Water is now the most popular drink in the U.S.
Unfortunately, almost 40% of that water comes in a plastic bottle.
This is important to know, because whether you’re imbibing water or soda, the chances are that Coke and Pepsi are making a profit from your thirst. That’s because 50% of the bottled water market is owned by Coke and Pepsi.
How on earth did these corporations convince us to pay for something we already own?
From The Associated Press:
For more than two decades, soda was the No. 1 drink in the U.S. with consumption peaking in 1998 at 54 gallons a year, according industry tracker Beverage Digest. Americans drank just 42 gallons a year of water at the time.
But over the years, as soda increasingly came under fire for fueling the nation’s rising obesity rates, water quietly rose to knock it off the top spot.
Americans now drink an average of 44 gallons of soda a year, a 17 percent drop from the peak in 1998. Over the same time, the average amount of water people drink has increased 38 percent to about 58 gallons a year. Bottled water has led that growth, with consumption nearly doubling to 21 gallons a year.
That’s right: bottled water, not tap water. Coke and Pepsi must be laughing all the way to the bank: with soda sales declining, they launched aggressive marketing campaigns to convince consumers that bottled water was better for them. And it seems to be working.
Most of us like to think we know how to get a bargain. But when it comes to bottled water, Americans are conned every year to the tune of $15 billion (the amount spent on bottled water) and 21 billion gallons (the amount of bottled water consumed), paying twice for a commodity that’s already ours.
Australia Selling Sand To Saudi Arabia?
Remember the story that broke a few years ago about Australia selling sand to Saudi Arabia? The construction boom in the desert nations of the Middle East created a demand for raw materials, and some clever salespeople at GMA Garnet convinced people in Saudi Arabia to buy Australian sand. Supposedly their sand was especially hard and durable, unlike the sand in Saudi Arabia, making it preferable for their building projects.
Have the bottled water companies been taking lessons from GMA Garnet?
Even if you don’t mind that these companies are ripping us off, there are plenty more reasons not to drink bottled water:
* No healthier than tap water: In theory, bottled water in the U.S. is subject to regulation by the Food and Drug Administration (FDA). In practice, about 70 percent of bottled water never crosses state lines for sale, making it exempt from FDA oversight. On the other hand, municipal water falls under the purview of the Environmental Protection Agency, and is regularly inspected for bacteria and toxic chemicals.

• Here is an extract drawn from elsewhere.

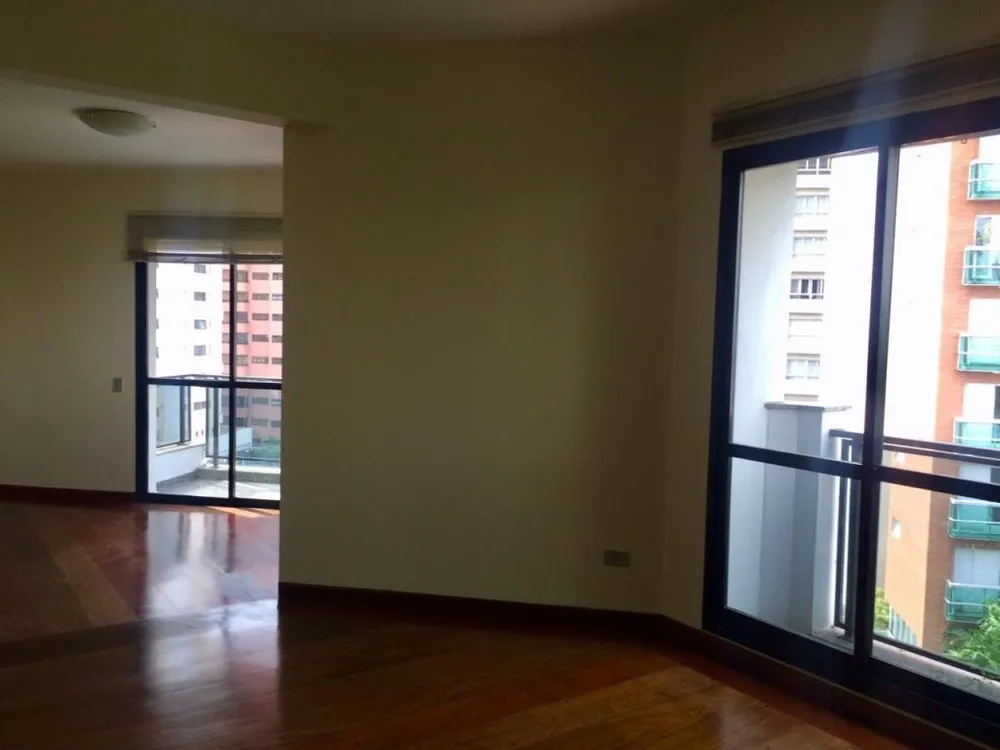 Apartamento, 3 quartos, 150 m² - Foto 1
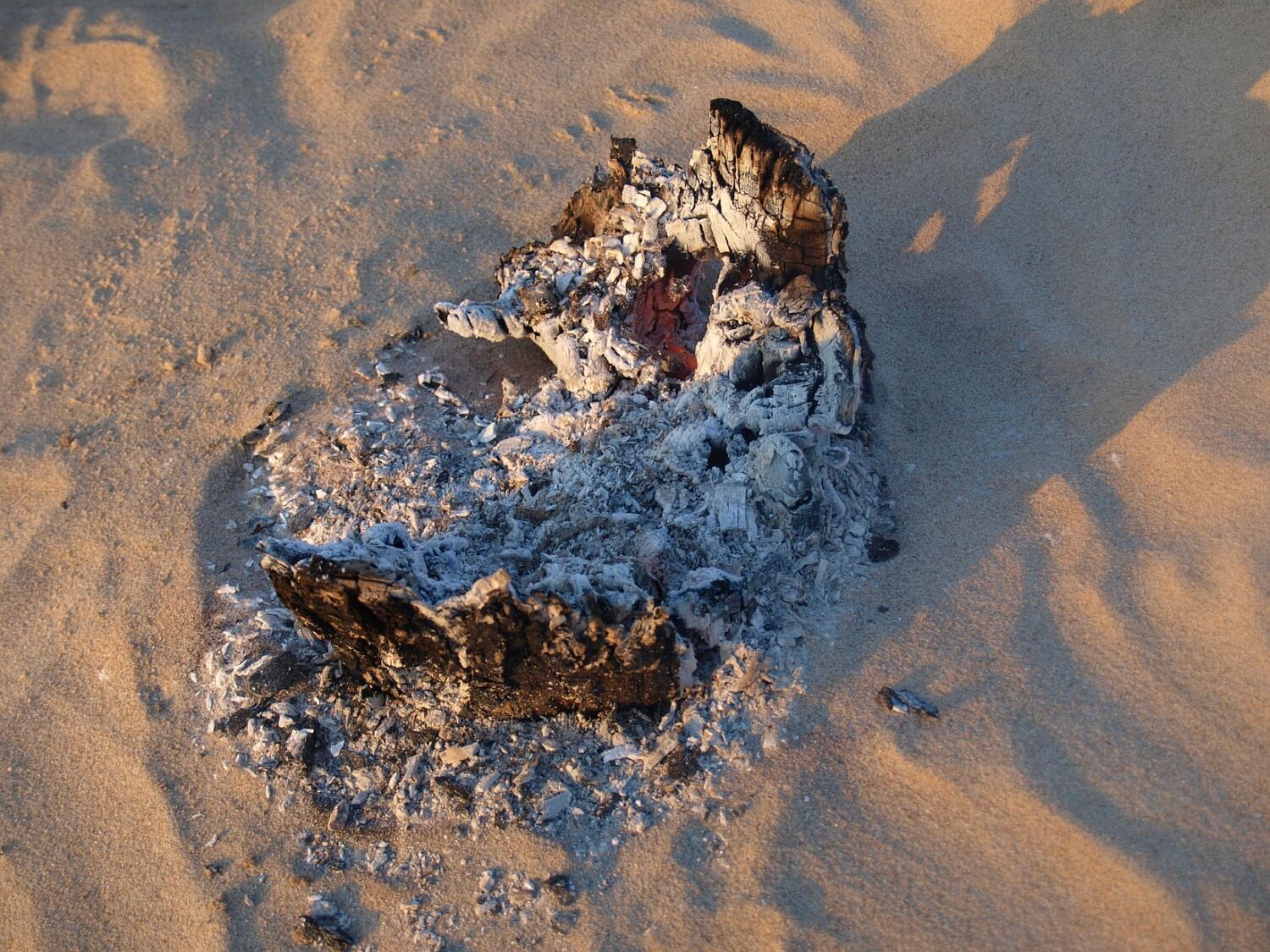 verbrennt rückstandslos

* It’s fake: The Natural Resources Defense Council reveals that an estimated 25 percent or more of bottled water is really just tap water in a bottle — sometimes further treated, sometimes not.
* 80% of bottles end up in a landfill: Americans buy over 25 billion single-serving (1 liter or less) plastic water bottles each year. Almost eight out of ten end up in a landfill or incinerator. Hundreds of millions end up as litter on roads and beaches or in streams and other waterways. Taxpayers pay hundreds millions of dollars each year in disposal and litter cleanup costs.
* Oil consumption: Producing all those bottles requires more than 1.5 billion barrels of oil every year – enough to fuel about 100,000 cars for the entire year.
Drinking water is great for your teeth, bones, and general good health, but why not put a cap on bottled water?
We don’t need to boost the profits of the likes of Coke and Pepsi.